A concrete step forward to mend ties
Updated: 2014-10-08 06:50
By CHEN LONGXIANG(China Daily USA)
Any unexpected diplomatic action of the Democratic People's Republic of Korea can easily hit the headlines considering the delicate balance on the Korean peninsula. Well, this time it is really an eye-catching one.
A delegation of high-ranking officials of the DPRK, including Hwang Pyong So, vice-chairman of the DPRK National Defense Commission and director of the General Political Bureau of the Korean People's Army, and Choe Ryong Hae and Kim Yang Gon, secretaries of the Central Committee of the Workers' Party of Korea, made a surprise trip to the Republic of Korea for the closing ceremony of the Incheon Asian Games on Oct 4.
The Incheon Asian Games provided an appropriate approach to direct dialogue that the two Koreas have been seeking since the beginning of the year, said Gao Haorong, an expert on DPRK studies at the Xinhua Center for World Affairs Studies, a think tank under the Xinhua News Agency.
By sending high-level officials to attend the closing ceremony and hold talks with their ROK counterparts, Pyongyang wants to show its good faith to improve the inter-Korean relations, and create an atmosphere and opportunities for holding a regular north-south high-level dialogue, Gao said.

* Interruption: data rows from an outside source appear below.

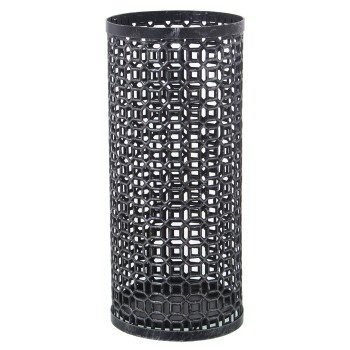 Paragüero Metal Plateado Ø20x45cm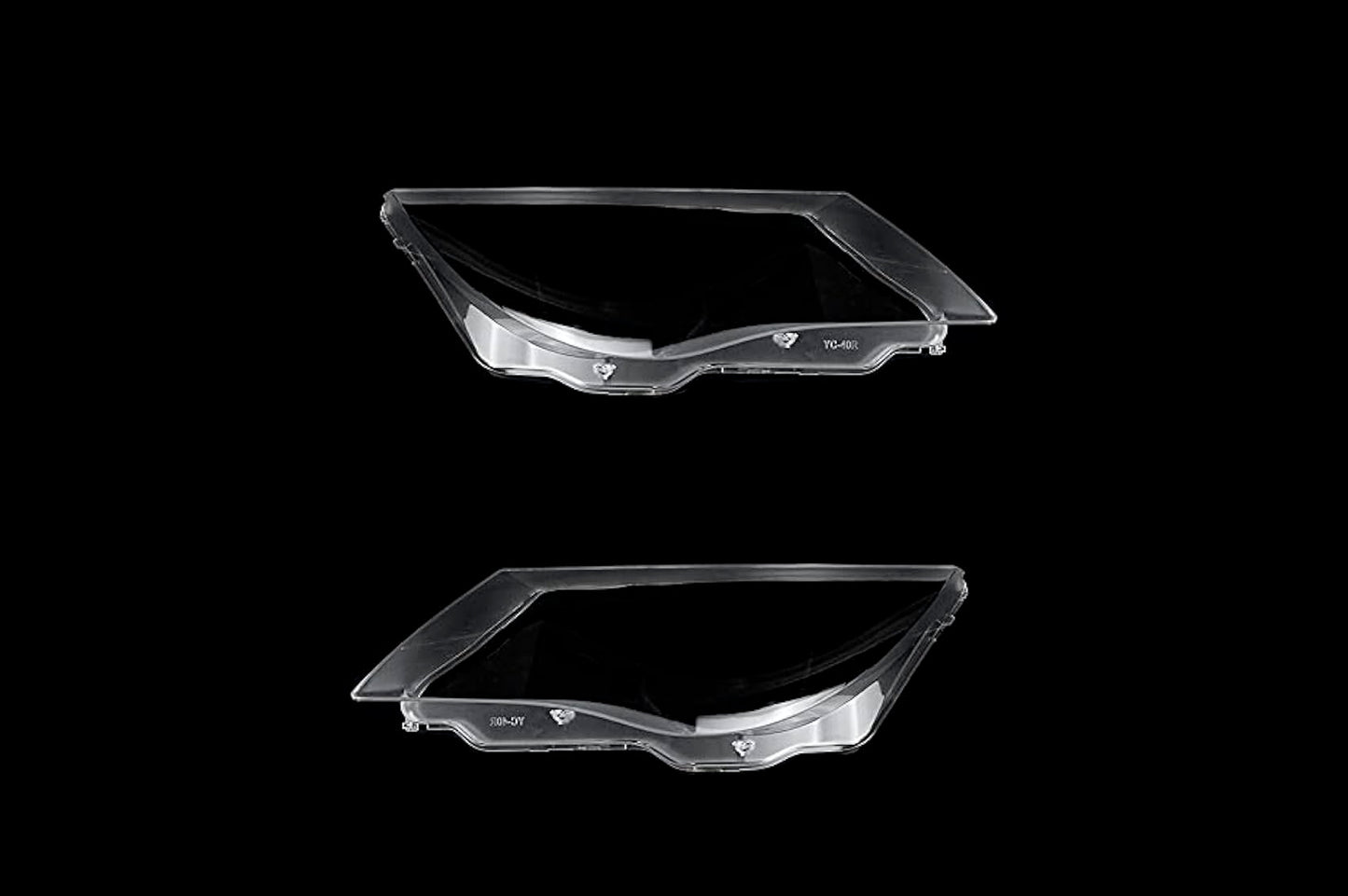 New replacement headlight lens for BMW 6 Series & M6 E63 E64 pre-facelift (2004 to 2007) (view 2): headlight lens replacement for cracked, yellowed or damaged lenses, headlight repair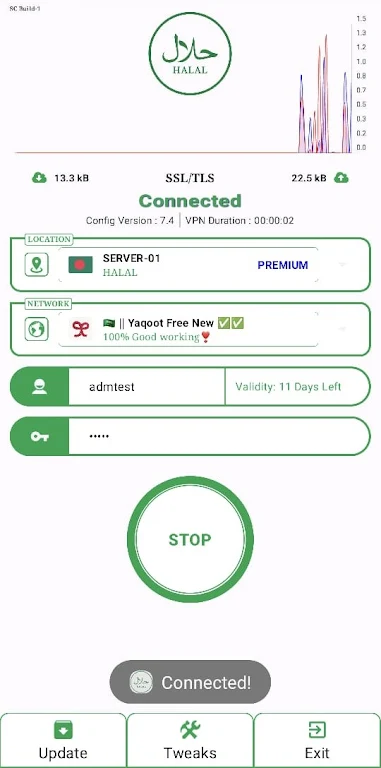 Halal - Internet Access VPN  Screenshot 4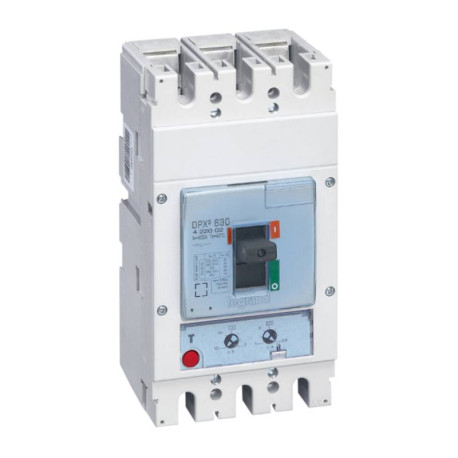 Disjoncteur DPXᶾ630 Legrand - 400A - 3P - 36KA 400V
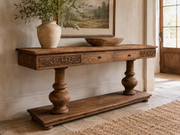 Engraved Console With Drawers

The visit of the high-ranking DPRK delegation demonstrated that Pyongyang is willing to mend the strained relations with Seoul to get rid of the status of being isolated diplomatically in the international community and create a peaceful environment for domestic economic development, said Hu Mingyuan, a researcher at the Center for Northeast Asian Studies in Jilin province.
In Incheon, the DPRK's three highest-ranking officials held talks with their South Korean counterparts, during which the officials agreed to hold the second round of high-level talks between late October and early November. The meeting is the highest in level between the two sides since the two countries' new heads of state came into office, Hu said.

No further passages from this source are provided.